## REQUIREMENT:
Word for word, output the data, with none of its pictures.

## DATASET CONTENT:
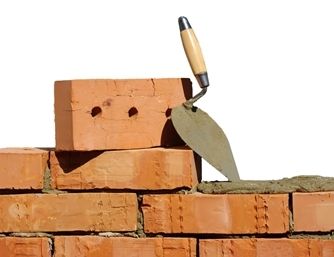 В Тольятти возобновят строительство физкультурно-оздоровительного долгостроя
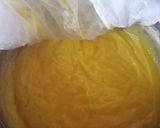 Foto del paso 2 de la receta: Leomon Pie (torta de limón)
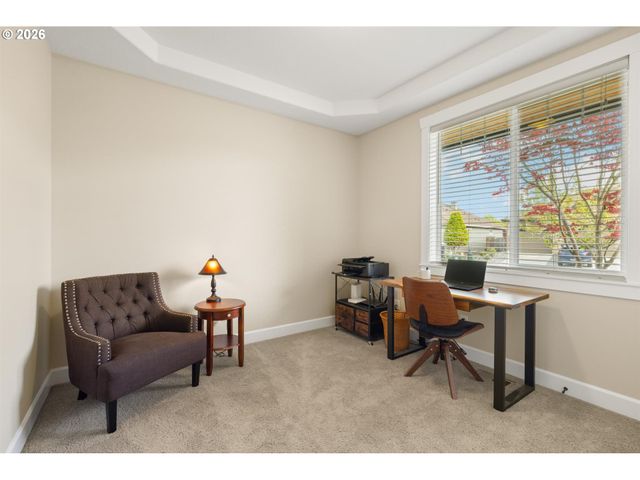 1274 S 15TH Way, Ridgefield, WA 98642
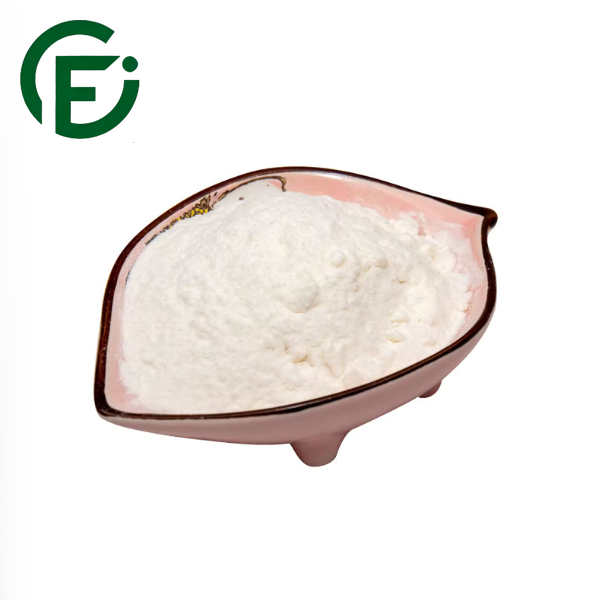 Hydrogénosulfate de tétrabutylammonium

## SOLUTION TO THIS PROBLEM:
 В Тольятти возобновят строительство физкультурно-оздоровительного долгостроя
 Foto del paso 2 de la receta: Leomon Pie (torta de limón)
 1274 S 15TH Way, Ridgefield, WA 98642
 Hydrogénosulfate de tétrabutylammonium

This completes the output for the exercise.